Furthermore, in contrast to polyarticular JIA and juvenile ankylosing spondylitis, sJIA and autoinflammatory diseases are not associated with major histocompatibility complexes [3]. Unlike polyarticular, oligoarticular or psoriatic JIA, where there is a female predominance, and juvenile ankylosing spondyliltis occurring more commonly in males, in sJIA, there is no distinct gender predilection.

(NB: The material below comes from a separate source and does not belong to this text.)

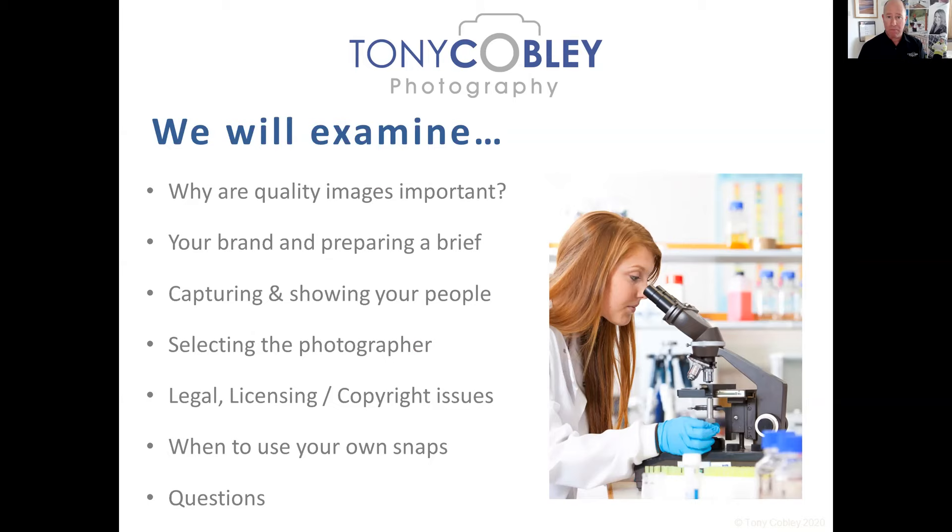So why do we need quality images? I'm using my own photos throughout this presentation as examples of what I do — not to say 'use me,' but as a reference. The reason we need quality images is to draw potential customers into our marketing materials. First impressions are really important. If you look at a page, there might be a fantastic design, great typography, and an amazing logo, but the most real thing to the human eye is usually the photograph.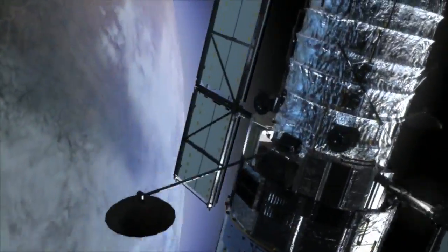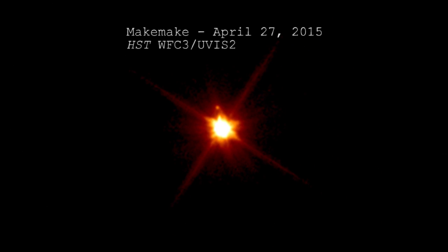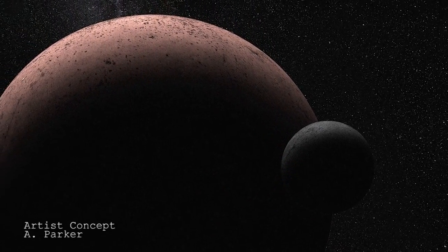Using observations taken in 2015 with Hubble's Wide Field Camera 3, a team of astronomers from the Southwest Research Institute, Lowell Observatory, and NASA's Goddard Space Flight Center estimate this moon to be approximately 100 miles in diameter.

The differences in pathogenesis and clinical features argue that sJIA should be considered primarily as an autoinflammatory syndrome. In the current nomenclature system, we should recognize sJIA as being distinct from other subtypes of JIA in terms of its pathogenesis, genetics, gender predilection, and treatment. As a result children with sJIA are not appropriately included in studies of the natural history, pathogenesis or treatment of JIA, but must be considered separately if we are to truly improve our understanding.

4. Research Agenda

Despite the recent advancements in cytokine biology, our understanding of the pathogenesis of AOSD, especially the inflammatory pathways and the influence of environmental factors at the origin of the autoinflammatory cascade is still at its infancy. We have not yet identified the responsible environmental factors that may trigger autoinflammation and neither have we any indicator of who may be more susceptible to these external factors. Are those environmental factors the same for the pediatric and adult disease forms, and if so, what causes the clinical manifestations to appear with higher frequency in children (sJIA) or young adults (AOSD) compared to older individuals? In this direction, further studies are needed to elucidate the potential relationship between AOSD and sJIA and the, better characterized, hereditary autoinflammatory syndromes (e.g., TRAPS or hyper-IgD syndrome). Finally, controlled trials would help to define optimal strategies, especially for conventional treatment or biologic agents, in order to reduce the use of, often prolonged, high-dose corticosteroid therapy that is associated with severe side effects. In order for these studies to become reality, the formation of national and international research networks is an absolute necessity due to the disease characteristics: the disease is rare, the clinical presentation is heterogeneous, and patients are often cared for by different specialists. Uniform procedures could increase experience sharing and enable better knowledge integration.